What is dev_search and how does it help AI code assistants?

dev_search is a semantic code search tool that returns ranked code snippets matching a natural language query. Instead of returning file paths (which forces AI assistants to read entire files), it returns the actual code with metadata like line numbers, function signatures, and call relationships. In benchmarks, this made Claude 62% faster and 42% cheaper at debugging tasks because it avoided reading full files to find relevant logic.

How does semantic code search differ from grep?

Grep matches exact strings — useful for finding specific identifiers like 'calculateTax'. Semantic search matches meaning — a query like 'where do we handle authentication' finds functions related to auth even if they don't contain the word 'authentication'. dev_search chunks code by semantic units (functions, classes) using the TypeScript Compiler API's AST, then embeds those chunks with a local model (MiniLM) and stores vectors in LanceDB for similarity search.

Why does dev_search return snippets instead of file paths?

This is the core design insight. When an AI assistant gets a file path, it reads the entire file (often hundreds of lines, thousands of tokens) to find relevant code. When it gets a snippet with the actual function and its metadata (path, line numbers, signature), it has what it needs in roughly 65 tokens instead of 18,000. The token savings aren't from compression — they come from avoiding unnecessary file reads entirely.

What is MCP and how does dev_search use it?

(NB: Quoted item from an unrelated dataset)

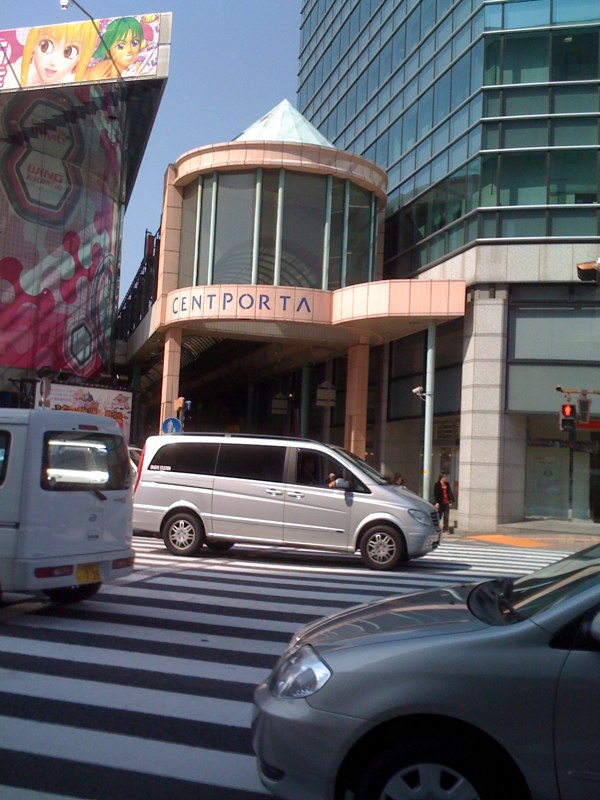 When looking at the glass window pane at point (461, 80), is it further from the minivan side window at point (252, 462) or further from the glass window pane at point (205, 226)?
the minivan side window at point (252, 462)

MCP (Model Context Protocol) is a standard for connecting AI assistants to external tools. dev_search runs as an MCP server, exposing four tools (dev_search, dev_refs, dev_map, dev_history) that AI assistants like Claude Code and Cursor can call directly. The assistant decides when to use semantic search vs. grep vs. file reading based on the query, with dev_search handling conceptual questions about unfamiliar codebases.

What matters more for code search quality — the embedding model or the architecture around it?

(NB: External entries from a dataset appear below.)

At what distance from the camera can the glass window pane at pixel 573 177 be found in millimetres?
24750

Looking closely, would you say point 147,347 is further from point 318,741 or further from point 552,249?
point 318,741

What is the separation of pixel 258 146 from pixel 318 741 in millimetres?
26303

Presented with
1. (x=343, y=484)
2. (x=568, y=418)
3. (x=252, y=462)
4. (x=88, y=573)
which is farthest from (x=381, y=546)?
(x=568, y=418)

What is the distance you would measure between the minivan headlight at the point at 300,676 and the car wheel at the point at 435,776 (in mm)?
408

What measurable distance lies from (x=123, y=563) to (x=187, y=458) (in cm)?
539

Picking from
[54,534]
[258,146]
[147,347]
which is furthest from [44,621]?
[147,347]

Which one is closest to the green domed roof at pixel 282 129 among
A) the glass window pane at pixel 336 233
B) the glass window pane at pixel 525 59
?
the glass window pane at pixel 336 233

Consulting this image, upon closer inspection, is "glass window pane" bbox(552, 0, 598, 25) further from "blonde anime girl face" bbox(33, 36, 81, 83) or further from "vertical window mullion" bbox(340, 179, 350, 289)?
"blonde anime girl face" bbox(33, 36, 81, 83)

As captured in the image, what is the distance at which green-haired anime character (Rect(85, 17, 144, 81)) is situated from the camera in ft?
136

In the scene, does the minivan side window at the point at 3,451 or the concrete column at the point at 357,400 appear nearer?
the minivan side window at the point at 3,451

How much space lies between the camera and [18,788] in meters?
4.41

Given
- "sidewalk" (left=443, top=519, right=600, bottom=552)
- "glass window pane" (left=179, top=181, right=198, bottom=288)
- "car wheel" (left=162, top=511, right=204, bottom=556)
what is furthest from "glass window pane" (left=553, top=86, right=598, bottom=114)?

The architecture matters more. An off-the-shelf embedding model (MiniLM, 384 dimensions) worked well enough. What made results actionable was semantic chunking (complete functions instead of arbitrary token boundaries), rich metadata (callees, signatures, line numbers, export status), snippet-based results (actual code, not just paths), and token budgets that progressively reduce detail to stay within context limits.

How dev_search helps AI understand code

This is a technical deep dive on dev-agent. For the story of building it, see 10 days of vibe coding.

I built dev_search without having built a search system before. The moment I knew it worked wasn't a benchmark — it was watching Claude debug.

The moment it clicked

I was on a Google Hangout for a demo party, the Lytics team sharing what we'd been building with AI all week. It's a tight-knit group; some of us have been working together for almost a decade. My palms were a little sweaty. I'd been listening to what everyone else had built and was excited to share mine.

I wanted to show the difference dev-agent made. So I ran the same debugging task twice: "find why search returns duplicates."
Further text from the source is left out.